A construção do mistério é orgânica e o suspense é bem desenvolvido. A sensação de que o perigo está à espreita é revelado de maneira gradual e surpreende essa fluidez em um filme cujo elenco central é juvenil. Tudo soa bastante natural.
A utilização do gore é inteligente, e um momento específico chama a atenção, quando o personagem chamado apenas de Homem de Everett McGill tira vísceras de um corpo pendurado de cabeça para baixo, chocando a audiência com a violência, agravada com o mesmo sujeito jogando uma mão humana para o cachorro comer.
As pessoas escravizadas, que moram dentro das paredes são tratadas pelo casal de vilões como coisas, como criaturas que não tem humanidade, e obviamente é o casal que carece de sentimentos minimamente humanos.
No entanto o maior dos pecados certamente é a descriminação. A família de vilões tenta afastar Fool e Alice pelo fato dele ser negro, servindo como um paralelo ao comum pensamento de boa parte das famílias brancas que tem receio de ver suas meninas com homens de origem africana.
Não bastasse a clara referência a psicopatia do casal de tutores, ainda seria acompanhado por um comportamento de segregação e preconceito, além de referências a práticas sexuais pouco usuais, como bondage e sadomasoquismo.
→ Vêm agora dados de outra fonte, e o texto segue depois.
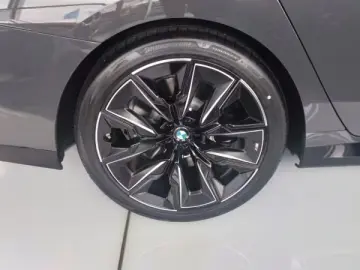 BMW 740d xDrive M Sport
As questões raciais lembram o cinema de Jordan Peele e sua produção "recente" Corra!, longa que trata de "paranoias" raciais de personagens negros, que enxergam nos brancos um receio pela conquista de direitos básicos, tal qual ocorre aqui entre os personagens do Homem e da Mulher (interpretada por Wendy Robie) como o equivalente aos velhos caucasianos que fazem experimentos com jovens pretos na obra de Peele.
O conceito de pessoas vivendo nas frestas lembra o mundo subterrarão de Nós, do mesmo realizador, em outra obra que também lida com questões de discriminação racial, embora aumente o escopo da crítica a toda a humanidade abastada e não somente ao homem branco endinheirado.
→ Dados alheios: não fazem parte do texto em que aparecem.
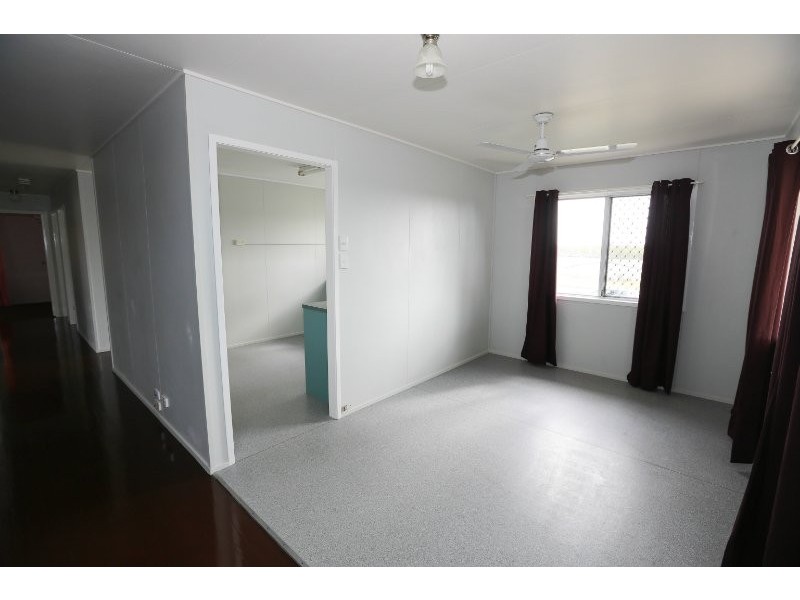 62 Aerodrome Road, Clinton QLD 4680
Se a obra de Craven não é brilhante, ao menos serviu para inspirar cineastas que desenvolveram argumentos interessantes e histórias de horror bastante inventivas.
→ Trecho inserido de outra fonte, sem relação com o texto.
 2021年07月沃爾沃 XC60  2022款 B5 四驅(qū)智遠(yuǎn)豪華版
As Criaturas Atrás das Paredes é um filme confuso, ao tentar abordar temas sociais tão diversos, acaba diluindo sua crítica, e generalizando questões como a associação de um comportamento insano e maléfico com praticantes de BDSM.
Ao mesmo tempo ousa em dar espaço dentro do cinema de gênero a um elenco que normalmente não protagonizaria obras assim, e perverte o drama infanto-juvenil colocando temperos assustadores em sua formula, e dessa forma, mesmo que seja problemático em se definir em gênero, o longa soa charmoso na perversão de aparências e clichês, colocando as pessoas "visualmente" monstruosas como vítimas e não como causadoras do infortúnio, quase como um Goonies pervertido ao extremo.